WORK INSTRUCTIONS: Once the line holding "Millennium bride new summer" is found in the entries below, restate it and each line after it word for word, with no pictures.
====== DATA RECORDS ======
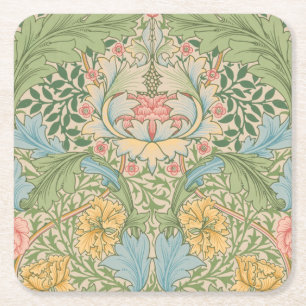 William Morris Myrtle Bloem Bloemstuk Botanisch Kartonnen Onderzetters
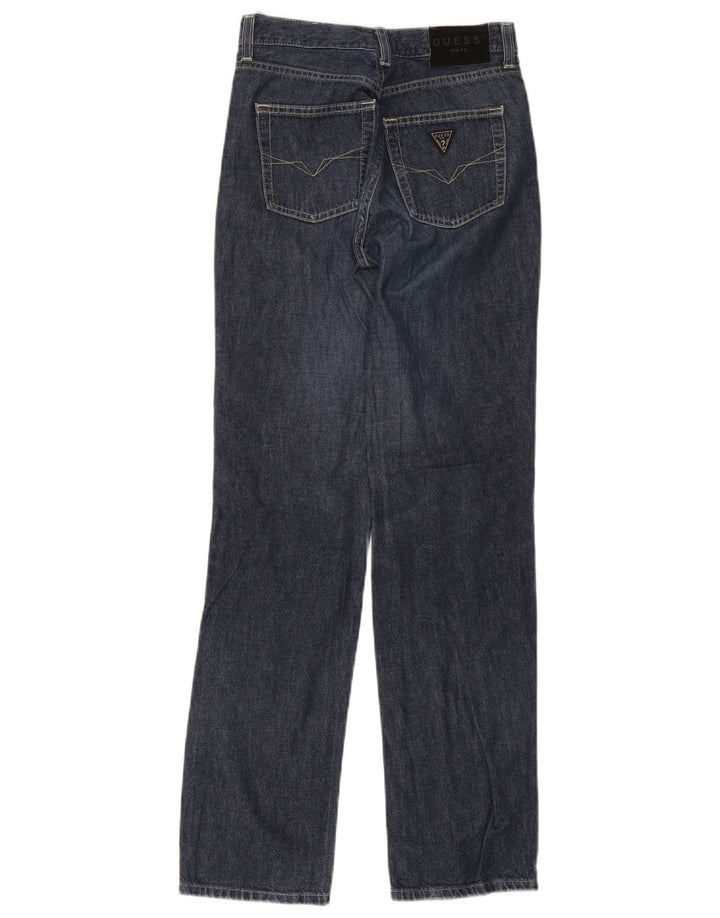 Guess Jeans retos femininos W27 L30 algodão azul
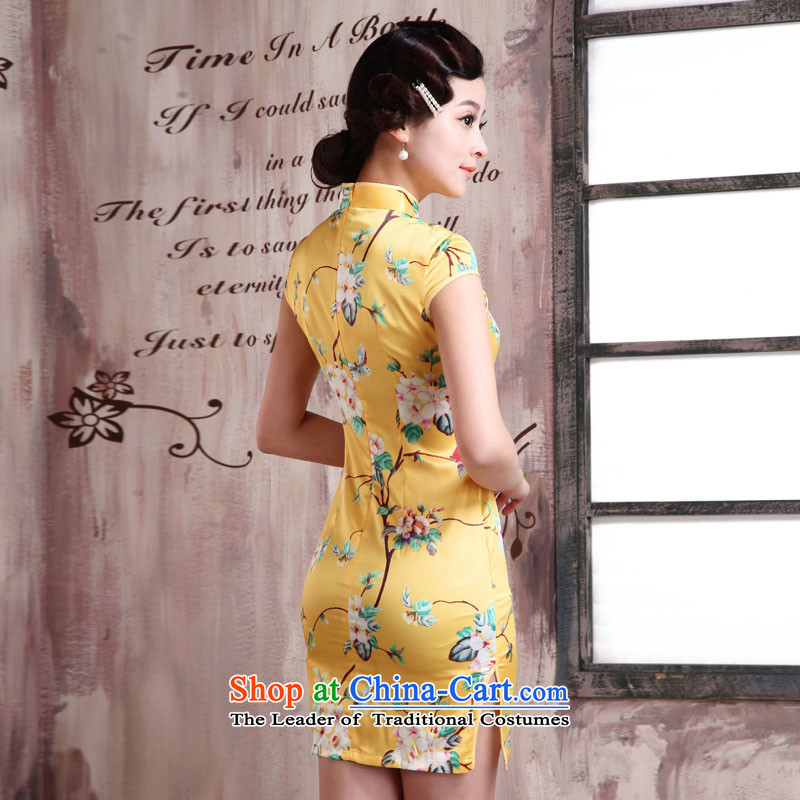 Millennium bride new summer 2015 Chinese Antique style Sau San female dresses improved qipao X2081 away from his bride millennium XL, , , , shopping on the Internet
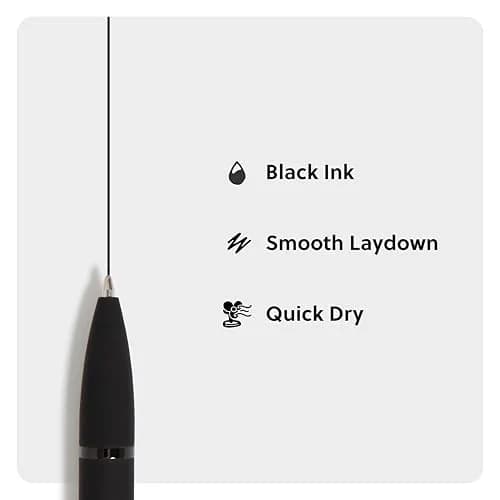 U Brands Ballpoint Pens 2 Pack | Bold 1.0 mm Point Black Ink, Black | Stylish & Impactful thumbnail 4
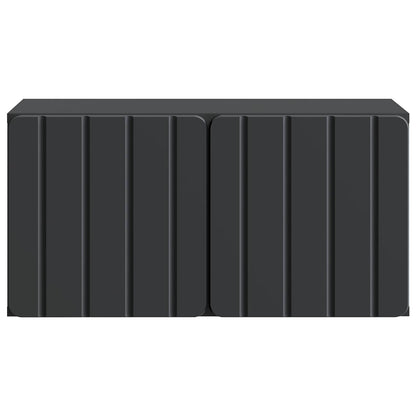 Mobile Porta TV da Muro Nero 59,5 x 31 x 30 cm | homemem39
======
WRITTEN ANSWER:
 Millennium bride new summer 2015 Chinese Antique style Sau San female dresses improved qipao X2081 away from his bride millennium XL, , , , shopping on the Internet
 U Brands Ballpoint Pens 2 Pack | Bold 1.0 mm Point Black Ink, Black | Stylish & Impactful thumbnail 4
 Mobile Porta TV da Muro Nero 59,5 x 31 x 30 cm | homemem39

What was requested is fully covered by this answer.